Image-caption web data

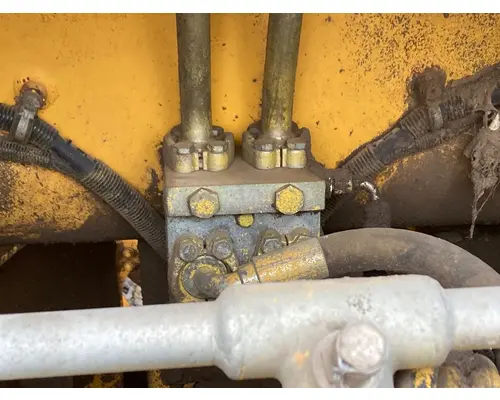 Volvo L90B Equip Hydraulic Valve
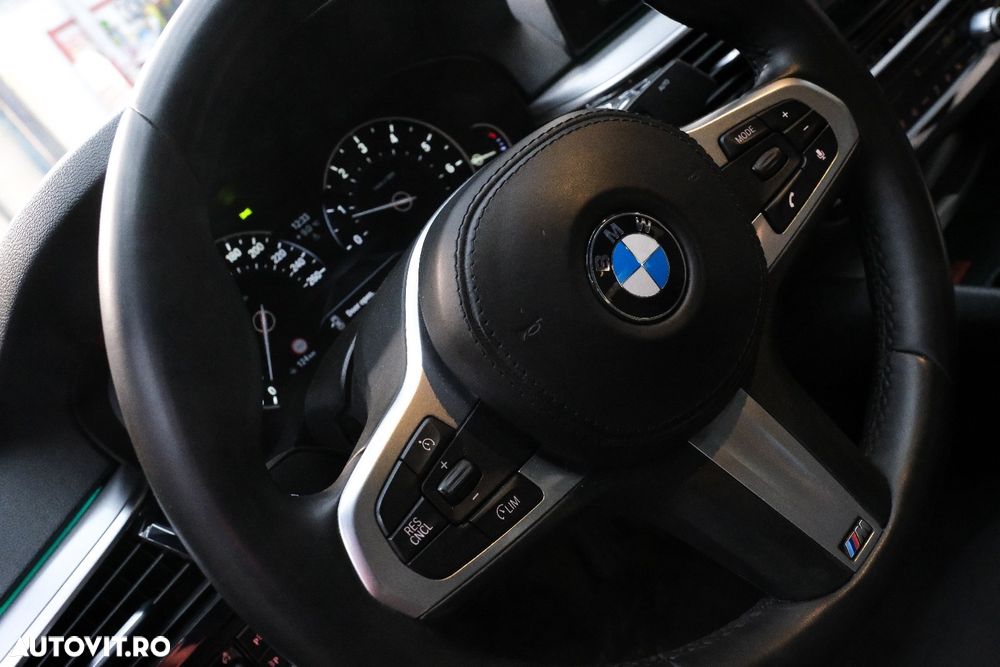 BMW Seria 5 530i xDrive Aut. M Sport Edition - 10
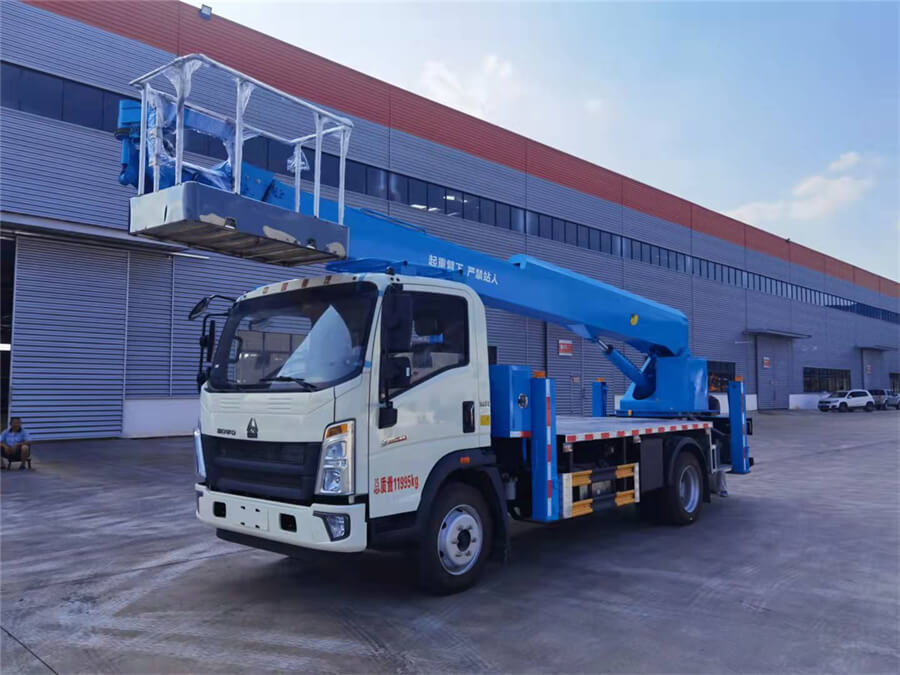 HOWO 20m Telescopic Boom Truck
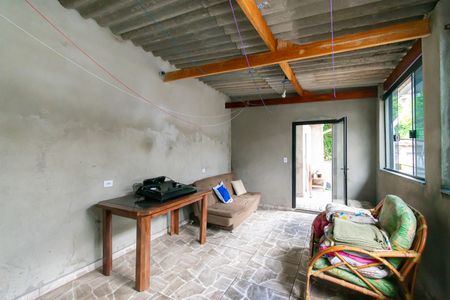 Casa à venda com 100m², 2 quartos e 1 vagaSalão 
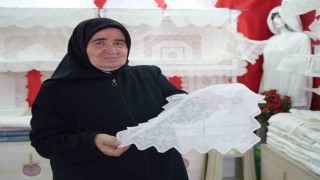50 yıldır işlediği sanat ile gelinlik kızların çeyizini süslüyor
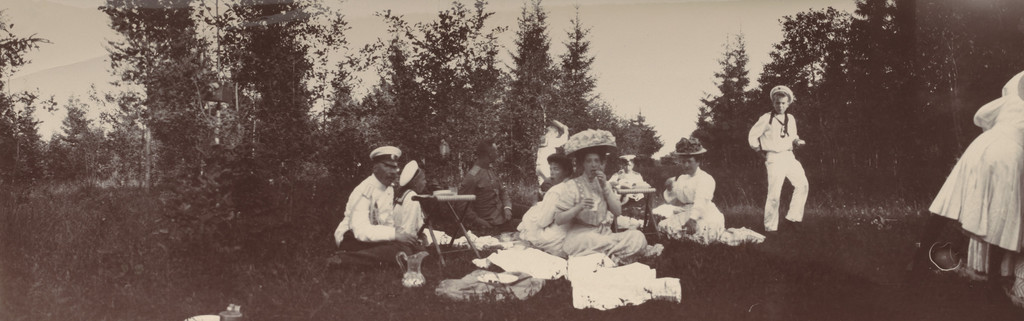 Mordvinov and Grand Duchess Olga Alexandrovna Enjoying a Picnic, Gatchino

== WHAT IS NEEDED ==
Copy all of the data word for word, and keep the pictures out of it.

== COMPLETED TASK ==
 Volvo L90B Equip Hydraulic Valve
 BMW Seria 5 530i xDrive Aut. M Sport Edition - 10
 HOWO 20m Telescopic Boom Truck
 Casa à venda com 100m², 2 quartos e 1 vagaSalão 
50 yıldır işlediği sanat ile gelinlik kızların çeyizini süslüyor
 Mordvinov and Grand Duchess Olga Alexandrovna Enjoying a Picnic, Gatchino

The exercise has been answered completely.